What is commensalism?
In earlier posts we discussed different relationships between animals (mutualism and parasitism). The last type of relationship between organisms is commensalism. Commensalism means “eating at the same table” and is when one organism benefits from another organism without affecting it. Compared to mutualism and parasitism, commensalism is hard to give examples of since it’s hard to prove (or disprove) that the host organisms are not affected. Some examples are whales that have barnacles growing on them and Titan Trigger fish that move over large rocks when feeding, giving smaller fish the chance to feed under them too.

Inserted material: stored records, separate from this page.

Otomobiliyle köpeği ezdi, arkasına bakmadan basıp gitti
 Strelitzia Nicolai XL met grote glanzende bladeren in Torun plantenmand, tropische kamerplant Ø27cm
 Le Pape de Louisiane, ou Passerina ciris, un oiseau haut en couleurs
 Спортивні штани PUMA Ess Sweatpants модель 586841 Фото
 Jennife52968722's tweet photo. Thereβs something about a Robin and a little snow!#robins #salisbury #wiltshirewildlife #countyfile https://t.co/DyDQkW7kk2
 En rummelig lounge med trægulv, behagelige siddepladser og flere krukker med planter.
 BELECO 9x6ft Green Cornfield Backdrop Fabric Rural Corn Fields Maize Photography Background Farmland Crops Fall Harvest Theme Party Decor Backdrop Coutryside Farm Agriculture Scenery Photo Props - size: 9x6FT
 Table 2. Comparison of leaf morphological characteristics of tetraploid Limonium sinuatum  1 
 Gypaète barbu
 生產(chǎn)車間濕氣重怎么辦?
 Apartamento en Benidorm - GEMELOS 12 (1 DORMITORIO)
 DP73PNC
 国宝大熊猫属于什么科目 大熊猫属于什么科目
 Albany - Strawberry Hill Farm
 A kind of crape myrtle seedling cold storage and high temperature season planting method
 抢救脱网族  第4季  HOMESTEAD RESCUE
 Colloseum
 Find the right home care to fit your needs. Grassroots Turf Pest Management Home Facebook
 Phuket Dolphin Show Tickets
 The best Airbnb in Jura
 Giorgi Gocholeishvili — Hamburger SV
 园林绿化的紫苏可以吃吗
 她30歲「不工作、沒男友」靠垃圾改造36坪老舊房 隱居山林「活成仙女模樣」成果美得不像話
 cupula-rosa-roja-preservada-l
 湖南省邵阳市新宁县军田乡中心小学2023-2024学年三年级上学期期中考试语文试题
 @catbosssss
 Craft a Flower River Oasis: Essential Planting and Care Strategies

The reason biologists argue the existence of commensalism is because they believe that any close interaction between two organisms is unlikely to be completely neutral. Most relationships that are identified as commensal are likely to be mutualistic or parasitic in a subtle way that has not been detected yet. Like most interactions between organisms, commensalism vary in strength and duration from intimate, long-lived symbiosis to brief, weak interactions.
There are 3 different types of commensalism Phoresy, Inquilinim and Metabiosis. Phoresy is an organism that attach to another exclusively for transport e.g. Beetles, Flies and Bees. Inquilinism is when an organism uses another organism for permanent housing e.g. Orchids living on trees, birds living in holes in trees and barnacles living on whales. Metabiosis is an indirect relationship where an organism creates a suitable environment for another organism e.g. maggots that lives and develop on carcasses and the hermit crabs that uses shells of gastropod to protect their bodies.